-- MATERIAL SUPPLIED follows --

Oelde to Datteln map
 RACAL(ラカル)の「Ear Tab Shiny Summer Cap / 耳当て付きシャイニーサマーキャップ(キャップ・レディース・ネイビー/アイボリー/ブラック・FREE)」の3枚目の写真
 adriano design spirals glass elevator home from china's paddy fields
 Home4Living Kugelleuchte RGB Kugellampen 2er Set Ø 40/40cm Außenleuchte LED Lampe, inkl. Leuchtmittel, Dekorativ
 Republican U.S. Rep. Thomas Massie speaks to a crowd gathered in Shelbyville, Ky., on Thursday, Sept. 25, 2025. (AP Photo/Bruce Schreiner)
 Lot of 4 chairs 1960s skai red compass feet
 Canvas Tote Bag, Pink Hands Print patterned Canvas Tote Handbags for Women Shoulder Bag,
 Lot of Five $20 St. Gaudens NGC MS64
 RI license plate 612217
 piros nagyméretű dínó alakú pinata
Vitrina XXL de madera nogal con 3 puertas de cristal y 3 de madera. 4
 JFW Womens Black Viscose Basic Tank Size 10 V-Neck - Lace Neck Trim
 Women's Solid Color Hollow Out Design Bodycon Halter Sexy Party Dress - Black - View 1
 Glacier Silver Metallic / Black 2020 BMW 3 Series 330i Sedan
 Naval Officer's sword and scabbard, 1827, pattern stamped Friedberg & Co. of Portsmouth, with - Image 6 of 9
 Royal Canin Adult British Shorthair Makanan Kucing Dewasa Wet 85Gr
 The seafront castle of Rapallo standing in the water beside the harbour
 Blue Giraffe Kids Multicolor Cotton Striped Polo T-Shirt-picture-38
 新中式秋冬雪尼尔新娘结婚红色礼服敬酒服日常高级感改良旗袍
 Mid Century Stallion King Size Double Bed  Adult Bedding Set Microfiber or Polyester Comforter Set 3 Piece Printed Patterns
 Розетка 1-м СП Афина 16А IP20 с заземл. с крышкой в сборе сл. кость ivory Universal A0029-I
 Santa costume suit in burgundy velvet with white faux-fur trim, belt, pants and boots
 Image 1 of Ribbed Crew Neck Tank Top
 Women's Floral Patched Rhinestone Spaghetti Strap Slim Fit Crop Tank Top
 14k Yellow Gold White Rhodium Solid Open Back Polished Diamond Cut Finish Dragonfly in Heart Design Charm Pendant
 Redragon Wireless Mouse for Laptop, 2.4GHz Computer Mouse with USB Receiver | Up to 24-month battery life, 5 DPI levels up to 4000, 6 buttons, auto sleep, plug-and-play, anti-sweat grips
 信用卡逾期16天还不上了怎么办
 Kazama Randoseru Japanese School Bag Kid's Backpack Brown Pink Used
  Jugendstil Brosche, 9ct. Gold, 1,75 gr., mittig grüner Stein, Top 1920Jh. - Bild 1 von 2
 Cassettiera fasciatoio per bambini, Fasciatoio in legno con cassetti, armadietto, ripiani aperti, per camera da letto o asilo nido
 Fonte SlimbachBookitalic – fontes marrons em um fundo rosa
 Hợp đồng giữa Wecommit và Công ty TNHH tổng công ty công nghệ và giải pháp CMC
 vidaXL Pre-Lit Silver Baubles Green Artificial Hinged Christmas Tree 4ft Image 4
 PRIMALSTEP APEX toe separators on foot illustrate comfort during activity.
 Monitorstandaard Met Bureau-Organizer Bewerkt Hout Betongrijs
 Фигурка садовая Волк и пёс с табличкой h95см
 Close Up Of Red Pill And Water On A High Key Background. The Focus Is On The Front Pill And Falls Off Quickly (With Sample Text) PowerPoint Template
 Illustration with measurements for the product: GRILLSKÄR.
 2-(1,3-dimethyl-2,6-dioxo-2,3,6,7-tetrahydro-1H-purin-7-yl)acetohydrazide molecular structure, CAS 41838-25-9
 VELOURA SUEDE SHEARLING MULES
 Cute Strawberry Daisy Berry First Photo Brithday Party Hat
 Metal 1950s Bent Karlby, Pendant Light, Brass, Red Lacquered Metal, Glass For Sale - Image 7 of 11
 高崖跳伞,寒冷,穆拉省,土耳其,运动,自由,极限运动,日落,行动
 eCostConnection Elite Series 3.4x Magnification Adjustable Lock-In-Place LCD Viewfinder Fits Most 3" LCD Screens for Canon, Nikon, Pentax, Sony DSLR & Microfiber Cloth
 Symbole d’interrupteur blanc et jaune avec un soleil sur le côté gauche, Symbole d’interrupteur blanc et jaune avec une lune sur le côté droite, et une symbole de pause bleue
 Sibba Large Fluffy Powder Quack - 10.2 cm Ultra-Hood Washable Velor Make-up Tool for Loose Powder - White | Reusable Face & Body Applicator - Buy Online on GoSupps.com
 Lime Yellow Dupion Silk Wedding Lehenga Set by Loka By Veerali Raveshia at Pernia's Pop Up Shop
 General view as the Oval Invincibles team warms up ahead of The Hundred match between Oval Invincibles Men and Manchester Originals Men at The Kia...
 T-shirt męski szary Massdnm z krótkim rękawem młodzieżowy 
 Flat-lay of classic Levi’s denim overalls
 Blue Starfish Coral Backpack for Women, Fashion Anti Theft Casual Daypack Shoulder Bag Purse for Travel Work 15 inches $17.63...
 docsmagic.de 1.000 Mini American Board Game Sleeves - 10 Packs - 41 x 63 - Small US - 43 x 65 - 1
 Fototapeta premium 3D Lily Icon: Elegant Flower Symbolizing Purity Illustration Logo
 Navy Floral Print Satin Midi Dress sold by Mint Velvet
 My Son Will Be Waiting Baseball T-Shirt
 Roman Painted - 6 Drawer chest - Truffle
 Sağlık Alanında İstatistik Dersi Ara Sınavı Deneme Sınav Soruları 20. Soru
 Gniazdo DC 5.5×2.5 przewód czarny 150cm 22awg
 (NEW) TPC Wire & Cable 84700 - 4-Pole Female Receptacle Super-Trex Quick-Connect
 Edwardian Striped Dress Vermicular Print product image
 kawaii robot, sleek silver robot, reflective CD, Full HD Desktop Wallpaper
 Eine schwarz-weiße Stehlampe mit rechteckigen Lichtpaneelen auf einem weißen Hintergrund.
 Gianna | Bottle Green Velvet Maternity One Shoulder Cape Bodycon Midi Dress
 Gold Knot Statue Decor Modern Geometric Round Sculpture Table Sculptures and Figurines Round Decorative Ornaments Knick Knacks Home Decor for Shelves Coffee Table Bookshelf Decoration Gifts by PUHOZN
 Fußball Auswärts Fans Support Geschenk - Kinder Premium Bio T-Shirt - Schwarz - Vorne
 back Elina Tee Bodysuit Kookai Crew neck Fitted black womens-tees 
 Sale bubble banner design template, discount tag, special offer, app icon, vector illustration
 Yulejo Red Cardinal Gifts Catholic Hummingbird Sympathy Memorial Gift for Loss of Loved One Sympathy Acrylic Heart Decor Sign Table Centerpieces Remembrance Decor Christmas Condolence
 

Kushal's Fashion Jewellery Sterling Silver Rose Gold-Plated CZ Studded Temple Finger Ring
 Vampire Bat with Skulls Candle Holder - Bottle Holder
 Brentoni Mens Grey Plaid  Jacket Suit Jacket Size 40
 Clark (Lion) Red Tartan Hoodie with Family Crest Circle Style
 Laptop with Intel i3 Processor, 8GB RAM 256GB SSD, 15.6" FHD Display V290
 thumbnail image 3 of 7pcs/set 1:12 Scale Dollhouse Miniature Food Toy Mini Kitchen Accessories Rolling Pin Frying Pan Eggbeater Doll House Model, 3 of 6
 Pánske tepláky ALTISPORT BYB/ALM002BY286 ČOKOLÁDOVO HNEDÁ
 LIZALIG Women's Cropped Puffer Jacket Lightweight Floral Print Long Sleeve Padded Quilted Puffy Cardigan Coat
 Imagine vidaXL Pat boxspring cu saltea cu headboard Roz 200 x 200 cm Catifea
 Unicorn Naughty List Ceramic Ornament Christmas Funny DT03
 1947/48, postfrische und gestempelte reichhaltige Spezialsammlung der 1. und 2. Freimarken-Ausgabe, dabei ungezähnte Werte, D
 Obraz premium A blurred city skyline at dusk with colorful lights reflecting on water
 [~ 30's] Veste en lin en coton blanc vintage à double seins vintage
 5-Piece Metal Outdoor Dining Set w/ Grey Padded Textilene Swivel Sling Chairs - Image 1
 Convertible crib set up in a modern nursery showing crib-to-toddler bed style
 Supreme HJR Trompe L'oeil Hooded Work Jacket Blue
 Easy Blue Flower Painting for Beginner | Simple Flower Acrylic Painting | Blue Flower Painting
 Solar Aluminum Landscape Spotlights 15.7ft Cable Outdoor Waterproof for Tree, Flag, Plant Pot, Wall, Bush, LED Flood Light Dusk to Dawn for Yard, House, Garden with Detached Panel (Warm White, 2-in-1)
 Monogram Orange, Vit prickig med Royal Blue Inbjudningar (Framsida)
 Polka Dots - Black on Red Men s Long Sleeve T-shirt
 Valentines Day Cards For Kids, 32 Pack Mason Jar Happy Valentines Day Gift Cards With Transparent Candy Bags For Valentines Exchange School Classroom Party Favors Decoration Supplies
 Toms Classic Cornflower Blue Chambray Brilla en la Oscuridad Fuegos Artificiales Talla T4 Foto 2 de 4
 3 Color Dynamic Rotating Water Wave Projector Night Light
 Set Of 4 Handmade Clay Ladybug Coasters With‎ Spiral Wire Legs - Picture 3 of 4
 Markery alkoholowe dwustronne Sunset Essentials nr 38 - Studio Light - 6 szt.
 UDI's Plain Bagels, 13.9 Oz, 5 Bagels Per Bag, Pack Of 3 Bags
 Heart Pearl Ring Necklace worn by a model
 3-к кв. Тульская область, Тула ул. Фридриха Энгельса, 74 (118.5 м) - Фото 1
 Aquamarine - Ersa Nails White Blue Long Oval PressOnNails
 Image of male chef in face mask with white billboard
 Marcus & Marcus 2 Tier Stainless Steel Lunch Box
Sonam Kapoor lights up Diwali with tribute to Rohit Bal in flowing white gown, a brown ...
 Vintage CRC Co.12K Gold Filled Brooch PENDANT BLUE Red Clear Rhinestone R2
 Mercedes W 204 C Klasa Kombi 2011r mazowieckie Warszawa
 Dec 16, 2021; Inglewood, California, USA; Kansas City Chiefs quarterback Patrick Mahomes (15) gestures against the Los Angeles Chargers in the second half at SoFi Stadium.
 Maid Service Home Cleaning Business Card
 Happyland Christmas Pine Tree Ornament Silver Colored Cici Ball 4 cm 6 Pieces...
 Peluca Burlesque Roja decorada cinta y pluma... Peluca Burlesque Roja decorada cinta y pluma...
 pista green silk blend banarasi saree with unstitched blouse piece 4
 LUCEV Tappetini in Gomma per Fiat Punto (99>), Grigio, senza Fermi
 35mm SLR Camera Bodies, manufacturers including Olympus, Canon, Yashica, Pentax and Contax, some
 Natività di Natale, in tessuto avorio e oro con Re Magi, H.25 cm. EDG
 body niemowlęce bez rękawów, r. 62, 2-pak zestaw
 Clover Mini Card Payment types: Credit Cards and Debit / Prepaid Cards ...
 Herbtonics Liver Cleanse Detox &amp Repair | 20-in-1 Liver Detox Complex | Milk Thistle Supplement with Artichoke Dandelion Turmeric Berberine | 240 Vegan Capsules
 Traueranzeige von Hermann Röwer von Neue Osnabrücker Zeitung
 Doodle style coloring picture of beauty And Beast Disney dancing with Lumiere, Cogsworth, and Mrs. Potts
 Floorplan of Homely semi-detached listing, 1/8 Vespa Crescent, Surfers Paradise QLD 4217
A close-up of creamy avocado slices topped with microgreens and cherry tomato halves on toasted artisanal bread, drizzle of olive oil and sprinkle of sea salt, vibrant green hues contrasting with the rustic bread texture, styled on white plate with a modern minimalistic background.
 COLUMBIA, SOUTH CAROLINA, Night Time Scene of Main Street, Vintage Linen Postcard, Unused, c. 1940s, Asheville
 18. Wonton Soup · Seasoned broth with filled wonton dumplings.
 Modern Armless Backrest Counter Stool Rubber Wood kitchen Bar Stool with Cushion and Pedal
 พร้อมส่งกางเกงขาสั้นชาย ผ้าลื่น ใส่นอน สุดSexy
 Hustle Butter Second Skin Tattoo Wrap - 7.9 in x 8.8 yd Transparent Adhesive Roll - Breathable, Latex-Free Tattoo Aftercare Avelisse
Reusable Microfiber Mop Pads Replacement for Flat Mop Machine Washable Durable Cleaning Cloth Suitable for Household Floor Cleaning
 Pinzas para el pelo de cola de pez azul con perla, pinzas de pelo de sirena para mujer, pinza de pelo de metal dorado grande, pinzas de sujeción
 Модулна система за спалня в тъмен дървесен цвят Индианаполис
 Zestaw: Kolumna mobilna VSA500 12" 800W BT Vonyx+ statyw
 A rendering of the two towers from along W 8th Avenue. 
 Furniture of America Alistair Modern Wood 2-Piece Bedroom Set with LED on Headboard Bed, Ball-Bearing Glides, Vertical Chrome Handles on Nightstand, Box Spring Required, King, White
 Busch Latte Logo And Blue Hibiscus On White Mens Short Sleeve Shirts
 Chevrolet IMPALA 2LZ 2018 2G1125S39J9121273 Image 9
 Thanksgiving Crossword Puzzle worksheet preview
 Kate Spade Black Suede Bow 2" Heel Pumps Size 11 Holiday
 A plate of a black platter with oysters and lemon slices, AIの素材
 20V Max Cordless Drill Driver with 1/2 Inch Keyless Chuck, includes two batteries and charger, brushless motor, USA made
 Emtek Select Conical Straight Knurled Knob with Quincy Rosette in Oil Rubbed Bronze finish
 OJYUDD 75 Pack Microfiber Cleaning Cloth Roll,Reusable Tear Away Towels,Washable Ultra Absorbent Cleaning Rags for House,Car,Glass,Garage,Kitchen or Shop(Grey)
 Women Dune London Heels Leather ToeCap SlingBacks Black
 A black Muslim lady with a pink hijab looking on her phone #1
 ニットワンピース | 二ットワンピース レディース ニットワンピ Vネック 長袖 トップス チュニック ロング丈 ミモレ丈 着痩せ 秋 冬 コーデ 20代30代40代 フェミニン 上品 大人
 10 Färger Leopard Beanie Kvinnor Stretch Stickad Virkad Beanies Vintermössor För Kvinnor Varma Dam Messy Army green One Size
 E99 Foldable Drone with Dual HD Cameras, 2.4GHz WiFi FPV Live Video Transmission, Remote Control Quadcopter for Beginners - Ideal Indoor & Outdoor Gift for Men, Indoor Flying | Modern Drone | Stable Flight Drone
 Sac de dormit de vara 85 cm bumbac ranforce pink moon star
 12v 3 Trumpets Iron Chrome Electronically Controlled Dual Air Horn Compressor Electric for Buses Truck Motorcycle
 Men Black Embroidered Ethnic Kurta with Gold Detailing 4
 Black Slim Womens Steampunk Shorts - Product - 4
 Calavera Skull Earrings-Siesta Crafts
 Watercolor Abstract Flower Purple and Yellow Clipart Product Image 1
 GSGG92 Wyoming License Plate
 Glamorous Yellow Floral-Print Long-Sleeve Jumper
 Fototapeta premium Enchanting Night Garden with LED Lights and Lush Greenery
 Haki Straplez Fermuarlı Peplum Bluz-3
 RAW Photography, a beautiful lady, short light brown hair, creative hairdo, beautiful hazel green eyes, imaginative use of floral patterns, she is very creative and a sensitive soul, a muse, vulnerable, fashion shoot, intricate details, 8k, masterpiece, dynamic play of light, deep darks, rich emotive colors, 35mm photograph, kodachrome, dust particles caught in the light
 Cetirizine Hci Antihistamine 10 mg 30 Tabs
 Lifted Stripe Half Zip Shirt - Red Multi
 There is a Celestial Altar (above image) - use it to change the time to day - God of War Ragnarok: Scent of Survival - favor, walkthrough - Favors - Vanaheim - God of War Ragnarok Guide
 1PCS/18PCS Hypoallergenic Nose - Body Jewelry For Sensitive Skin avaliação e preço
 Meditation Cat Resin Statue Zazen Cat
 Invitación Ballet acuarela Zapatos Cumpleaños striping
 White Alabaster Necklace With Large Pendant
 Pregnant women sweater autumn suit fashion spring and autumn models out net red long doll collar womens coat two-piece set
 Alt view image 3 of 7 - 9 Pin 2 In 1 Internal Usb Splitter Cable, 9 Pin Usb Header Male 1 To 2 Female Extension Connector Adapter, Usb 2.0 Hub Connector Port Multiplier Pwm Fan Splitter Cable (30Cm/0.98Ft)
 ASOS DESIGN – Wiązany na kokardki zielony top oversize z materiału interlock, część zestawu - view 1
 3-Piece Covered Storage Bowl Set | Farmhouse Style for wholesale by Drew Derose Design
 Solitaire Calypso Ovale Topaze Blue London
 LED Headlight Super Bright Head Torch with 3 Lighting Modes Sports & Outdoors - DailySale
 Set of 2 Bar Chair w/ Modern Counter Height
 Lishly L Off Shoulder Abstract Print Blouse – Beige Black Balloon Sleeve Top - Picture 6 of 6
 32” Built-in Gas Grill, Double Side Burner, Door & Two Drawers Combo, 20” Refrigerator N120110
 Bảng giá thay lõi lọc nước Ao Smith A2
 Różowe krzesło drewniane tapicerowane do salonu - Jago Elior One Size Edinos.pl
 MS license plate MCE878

-- MATERIAL SUPPLIED concluded --

**TASK INSTRUCTIONS**
From the entries above, copy out every line where the string "Pentax" appears.

**REPLY**
 eCostConnection Elite Series 3.4x Magnification Adjustable Lock-In-Place LCD Viewfinder Fits Most 3" LCD Screens for Canon, Nikon, Pentax, Sony DSLR & Microfiber Cloth
 35mm SLR Camera Bodies, manufacturers including Olympus, Canon, Yashica, Pentax and Contax, some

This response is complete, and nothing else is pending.